Discovery transforms reality for the person making the discovery.  The more profound and significant the discovery, the greater the transformation of reality.  Yesterday, getting out of your car in front of the Summerland Post Office, you discovered a dime in repose on the gritty pavement.  In a way you had not anticipated, because after all, what's a dime these days, even to a homeless person, you were shoved back into the part of your youth where much of your time was building model airplanes.

This was a time when you were aware of the potentials of puberty on your life; you'd even begun to experience some of them, and although the onward progression of puberty suggested yet other ways in which you felt unprepared, you were nevertheless eager to get on with it.  And so you did, using an amalgam of speculation, locker room gossip, reading appropriate articles in magazines, and in one improbable venture, attempted to learn Latin, the better to understand certain books by the English writer, Henry Havelock Ellis, a physician who became preoccupied with human sexual behavior.  What better source, you wondered, to satisfy your urgent needs for discovery?

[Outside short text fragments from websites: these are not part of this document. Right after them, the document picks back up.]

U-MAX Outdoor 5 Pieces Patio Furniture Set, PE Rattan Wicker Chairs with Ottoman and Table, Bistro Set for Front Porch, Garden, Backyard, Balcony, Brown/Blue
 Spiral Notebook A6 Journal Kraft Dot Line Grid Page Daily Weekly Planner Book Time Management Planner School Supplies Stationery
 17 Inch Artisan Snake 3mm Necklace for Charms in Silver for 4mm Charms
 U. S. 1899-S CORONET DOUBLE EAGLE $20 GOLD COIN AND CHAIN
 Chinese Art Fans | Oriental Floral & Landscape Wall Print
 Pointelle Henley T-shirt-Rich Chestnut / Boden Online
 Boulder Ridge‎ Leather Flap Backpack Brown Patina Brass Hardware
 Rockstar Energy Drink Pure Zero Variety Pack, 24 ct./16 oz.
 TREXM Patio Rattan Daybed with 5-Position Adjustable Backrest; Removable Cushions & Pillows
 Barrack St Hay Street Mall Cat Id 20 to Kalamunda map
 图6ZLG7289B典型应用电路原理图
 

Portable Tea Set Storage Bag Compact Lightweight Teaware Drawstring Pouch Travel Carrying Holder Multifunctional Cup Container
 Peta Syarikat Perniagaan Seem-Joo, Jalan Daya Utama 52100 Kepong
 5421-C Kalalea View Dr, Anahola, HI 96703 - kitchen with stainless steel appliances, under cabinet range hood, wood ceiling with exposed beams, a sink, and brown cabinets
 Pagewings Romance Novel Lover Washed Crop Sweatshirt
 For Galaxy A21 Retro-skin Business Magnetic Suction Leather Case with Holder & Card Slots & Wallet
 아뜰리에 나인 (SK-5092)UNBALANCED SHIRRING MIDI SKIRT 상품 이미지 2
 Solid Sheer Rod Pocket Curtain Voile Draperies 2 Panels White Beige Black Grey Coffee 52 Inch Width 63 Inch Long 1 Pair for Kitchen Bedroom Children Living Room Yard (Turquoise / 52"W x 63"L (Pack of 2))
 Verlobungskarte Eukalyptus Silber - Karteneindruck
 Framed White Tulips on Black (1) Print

Even though you spent a respectable amount of time in your head, speculating, wondering, trying to explain your way around the unknown that lay before you, those years were times when you were as  far out of your emotional and intellectual neighborhoods as you were capable, or perhaps you should say comfortable.  Building model airplanes and listening to music gave you the equivalents of stability if not comfort.  

The dime was important at the time because you could buy model airplane assembly kits for a dime.  You could also hold out with some degree of impatience until you had twenty-five cents with which to buy an even more sophisticated model, on which you focused for the immediate comforts of cutting out parts from sheets of balsa wood on which they'd been stamped, covering your mother's bread board with Cut-Rite wax paper that in its turn sandwiched not your lunch offerings but the plans and schematic drawings for the models you would bring to life.  At that stage of your life, your hands were mottled with the dried splotches of Tester's cement, your badges of membership in the model-builders' fraternity.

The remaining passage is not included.